For Luther and the Reformers these realities had great implications for the sermon. Instead of an explanation of God and His activities or a moralistic “Try harder” speech, the sermon presented Christ the crucified and risen Savior to sinners. In order to do this, though, sinners had to be made aware of their sin. As. C.F.W. Walther, the first president of the Lutheran Church Missouri Synod and author of Law and Gospel, explains, “As long as a person has not been reduced to the state of a poor, lost, and condemned sinner, he has no serious interest in the Savior of sinners” (249). Later he adds, “without a real knowledge of what an awful thing sin is man cannot understand and accept the Gospel. As long as he is not alarmed over sin as his greatest enemy and the most awful abomination indwelling him, he will not come to Christ” (325).

But man fails to see the severity of his sin. Walther puts it candidly, “Man is by nature a conceited being. He says: ‘What wrong have I done? I have committed neither manslaughter, nor adultery, nor fornication, nor larceny.’ Wrapped in these miserable rags of his civil righteousness he purposes to make his stand before God. That spirit or pride in himself must be cast out. That requires an application of the hammer of the Law which will crush his stony heart” (97). Sinners who are not crushed by the hammer of God’s Law foolishly consider themselves secure before God. They neither fear His eternal, righteous wrath nor tremble in the face of His holiness.

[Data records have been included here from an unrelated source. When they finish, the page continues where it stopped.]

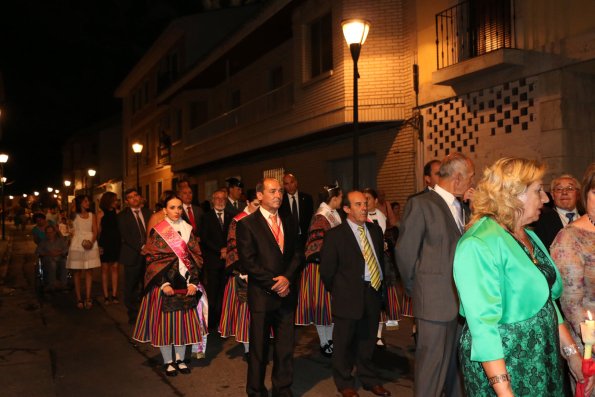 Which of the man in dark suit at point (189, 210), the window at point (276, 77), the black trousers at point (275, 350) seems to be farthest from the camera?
the window at point (276, 77)

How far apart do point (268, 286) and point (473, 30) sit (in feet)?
28.6

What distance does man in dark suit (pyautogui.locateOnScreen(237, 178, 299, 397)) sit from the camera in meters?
5.57

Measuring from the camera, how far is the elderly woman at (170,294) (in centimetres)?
668

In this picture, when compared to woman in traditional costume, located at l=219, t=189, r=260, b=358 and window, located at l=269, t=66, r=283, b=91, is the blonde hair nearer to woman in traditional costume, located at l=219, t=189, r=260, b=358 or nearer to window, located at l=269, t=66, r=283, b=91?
woman in traditional costume, located at l=219, t=189, r=260, b=358

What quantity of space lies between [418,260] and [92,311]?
762 centimetres

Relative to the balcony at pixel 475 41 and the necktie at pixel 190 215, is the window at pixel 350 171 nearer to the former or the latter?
the balcony at pixel 475 41

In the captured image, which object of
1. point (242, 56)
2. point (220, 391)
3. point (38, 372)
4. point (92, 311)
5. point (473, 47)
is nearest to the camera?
point (220, 391)

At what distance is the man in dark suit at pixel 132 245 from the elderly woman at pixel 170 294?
2.63m

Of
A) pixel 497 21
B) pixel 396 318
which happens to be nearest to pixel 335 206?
pixel 396 318

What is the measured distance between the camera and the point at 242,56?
2125 cm

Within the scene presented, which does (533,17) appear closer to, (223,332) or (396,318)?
(396,318)

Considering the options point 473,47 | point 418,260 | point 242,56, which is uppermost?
point 242,56

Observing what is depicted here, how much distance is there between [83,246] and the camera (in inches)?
440

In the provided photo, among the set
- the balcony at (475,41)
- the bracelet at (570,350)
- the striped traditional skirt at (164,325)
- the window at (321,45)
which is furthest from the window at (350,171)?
the bracelet at (570,350) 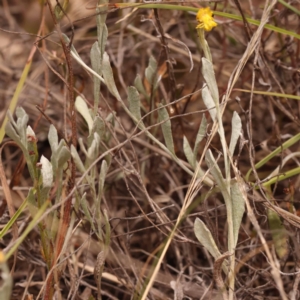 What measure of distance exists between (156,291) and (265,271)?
7.5 inches

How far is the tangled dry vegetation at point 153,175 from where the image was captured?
0.78 meters

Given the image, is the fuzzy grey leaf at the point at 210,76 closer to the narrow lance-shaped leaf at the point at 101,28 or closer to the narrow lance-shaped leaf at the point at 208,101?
the narrow lance-shaped leaf at the point at 208,101

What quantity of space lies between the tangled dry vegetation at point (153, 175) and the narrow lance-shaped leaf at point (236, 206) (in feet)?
0.08

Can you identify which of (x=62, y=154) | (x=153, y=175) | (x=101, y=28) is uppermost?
(x=101, y=28)

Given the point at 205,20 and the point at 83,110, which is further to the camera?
the point at 83,110

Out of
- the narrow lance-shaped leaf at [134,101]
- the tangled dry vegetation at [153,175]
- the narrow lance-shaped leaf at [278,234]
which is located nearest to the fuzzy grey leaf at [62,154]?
the tangled dry vegetation at [153,175]

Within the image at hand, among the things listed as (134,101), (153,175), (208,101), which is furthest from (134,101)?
(153,175)

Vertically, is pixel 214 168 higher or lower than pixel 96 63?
lower

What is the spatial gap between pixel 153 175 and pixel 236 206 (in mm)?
396

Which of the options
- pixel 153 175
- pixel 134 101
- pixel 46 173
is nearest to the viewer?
pixel 46 173

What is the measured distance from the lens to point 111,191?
1.13 meters

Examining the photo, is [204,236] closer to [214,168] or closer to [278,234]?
[214,168]

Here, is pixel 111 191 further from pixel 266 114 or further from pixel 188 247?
pixel 266 114

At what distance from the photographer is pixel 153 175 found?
1106mm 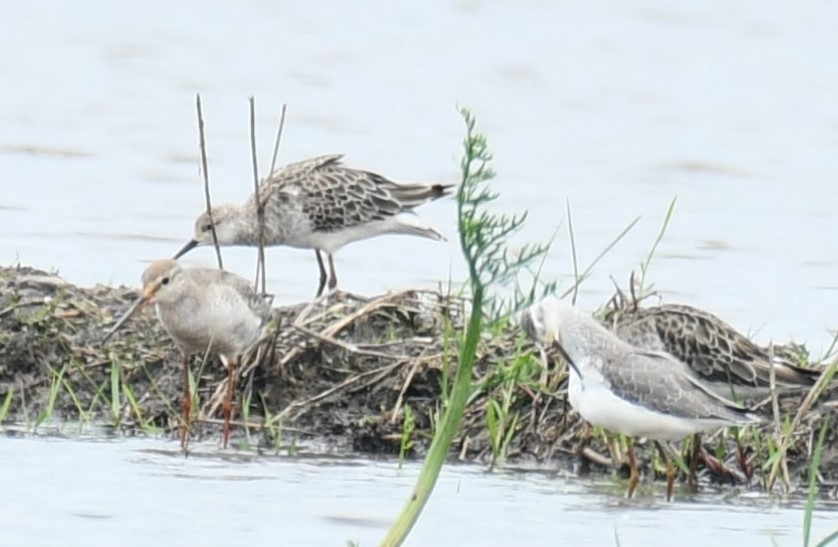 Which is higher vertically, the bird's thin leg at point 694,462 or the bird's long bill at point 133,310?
the bird's long bill at point 133,310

We will not be moved to repentance and desire the forgiving grace of the Gospel until God’s Law has done its work and revealed the true gravity of our spiritual sickness. Only then are we ready to receive the healing balm of the Gospel. As Walther explains, “The ultimate aim in our preaching of the Law must be to preach the Gospel” (404). In Luther’s words (LW 26:335):

The function of the law is only to kill, yet in such a way that God may be able to make alive. Thus the law was not given merely for the sake of death, but because man is proud and supposes that he is wise, righteous, and holy, therefore it is necessary that he be humbled by the law, in order that this beast, the presumption of righteousness, may be killed, since man cannot live unless it is killed.

When our hard hearts have been broken by God’s Law, we are ready to receive God’s Gospel in Christ. As Walther defines the Gospel, “the Gospel is … nothing else than a preaching of consolation and a joyful message, which does not reprove or terrify, but comforts consciences against the terrors of the Law, points alone to the merit of Christ, and raises them up again by the lovely preaching of the grace and favor of God, obtained through Christ’s merit” (283). This is the task of the preacher and the goal of the sermon. It is, quite simply, the most important words he speaks in a week. For this reason, he and his congregation are in prayer throughout the week asking God to guide his preparation and proclamation.

 

Pastor Jonathan Conner of Zion Lutheran Church in Manning, Iowa, is a former board member for the Hausvater Project.